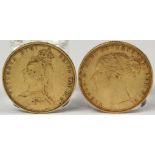 2x Sovereign Goldmünzen. 1872 und 1889.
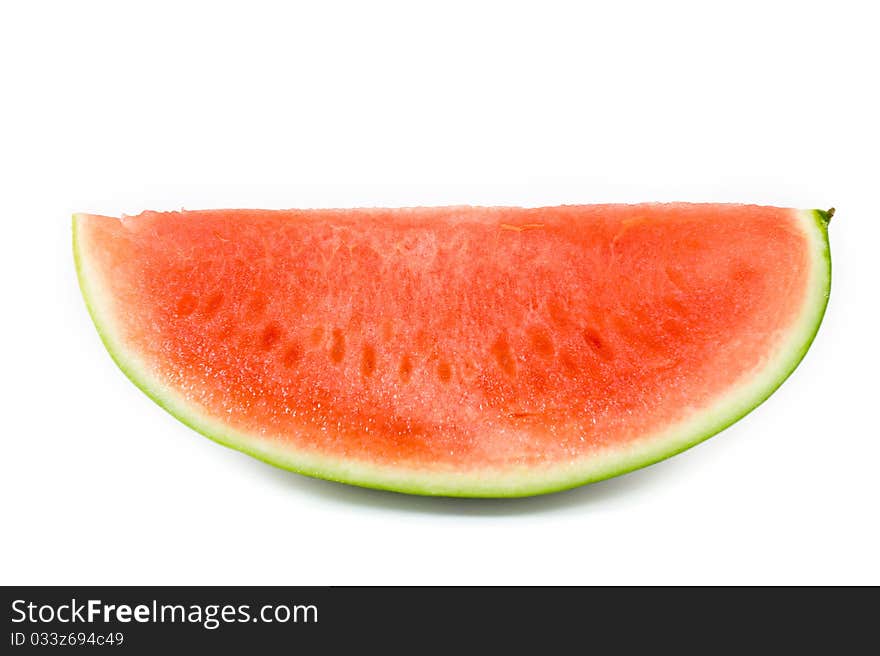 Section of Ripe Sliced Green Watermelon.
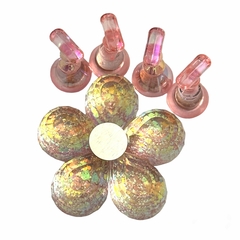 Apoya Tips Exhibidor Flor Rosa con glitter Tornasolada - comprar online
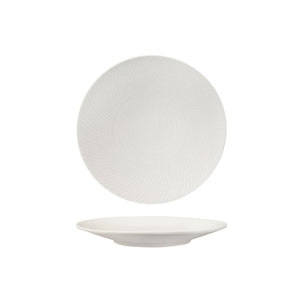 94908-W Luzerne Zen White Swirl Round Coupe Plate Globe Importers Adelaide Hospitality Supplies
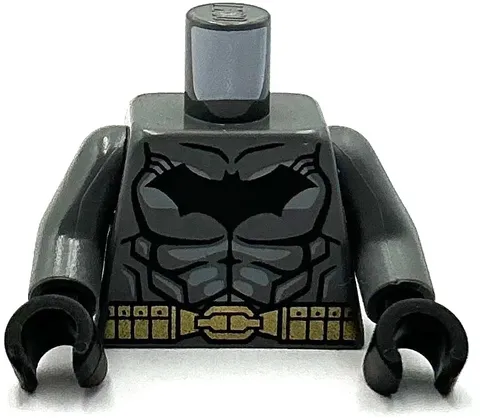 Lego New Minifig Torso Batman Logo Muscles Light Bluish Gray Shadow Gold Belt
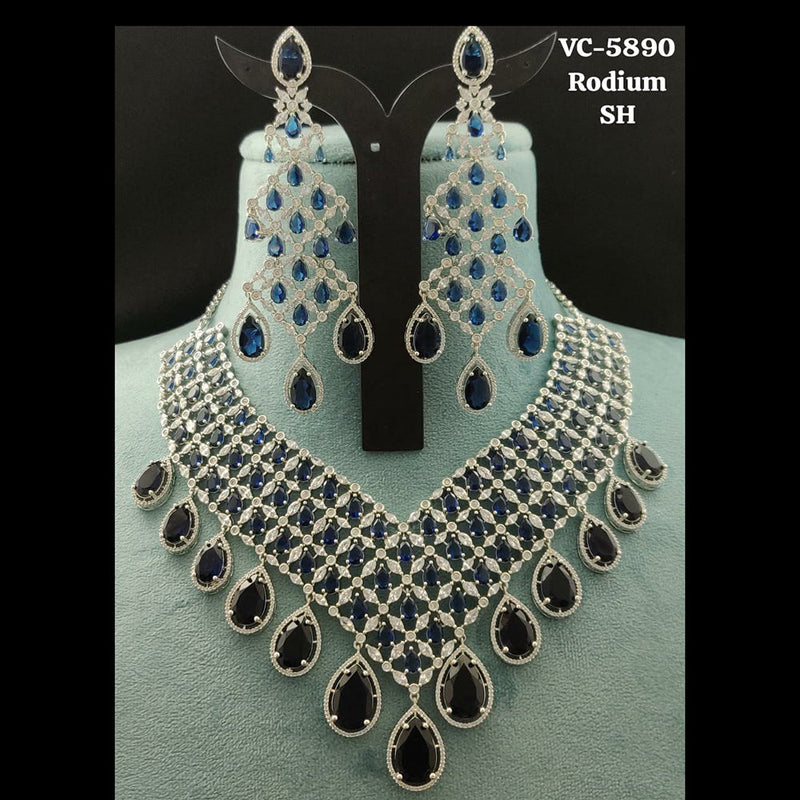 Vivah Creations Silver Plated AD Stone Choker Necklace Set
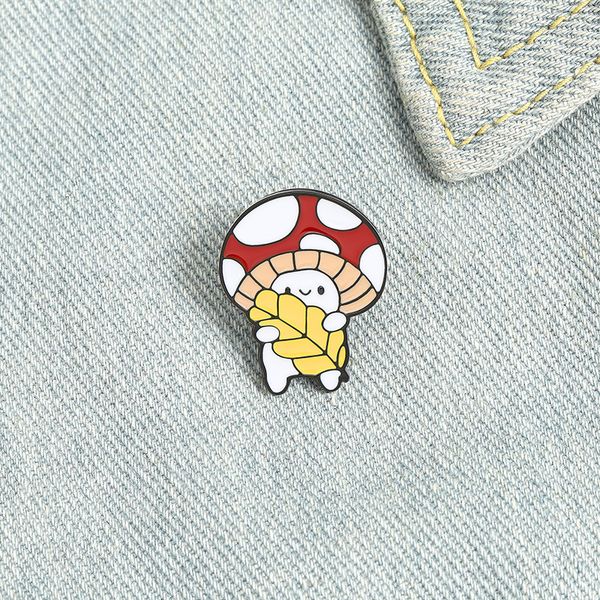 student cartoon mushroom hug leaf shape brooch enamel painting clothes corsage badges lapel pins for backpack sweater jeans clothing accesso, Gray
student cartoon mushroom hug leaf shape brooch enamel painting clothes corsage badges lapel pins for backpack sweater jeans clothing accesso, Gray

::::::

What is being asked ::
Transcribe the entries from their first line to the line that holds "94908-W Luzerne Zen", both included, and skip every picture.

Task output ::
 2x Sovereign Goldmünzen. 1872 und 1889.
 Section of Ripe Sliced Green Watermelon.
 Apoya Tips Exhibidor Flor Rosa con glitter Tornasolada - comprar online
 94908-W Luzerne Zen White Swirl Round Coupe Plate Globe Importers Adelaide Hospitality Supplies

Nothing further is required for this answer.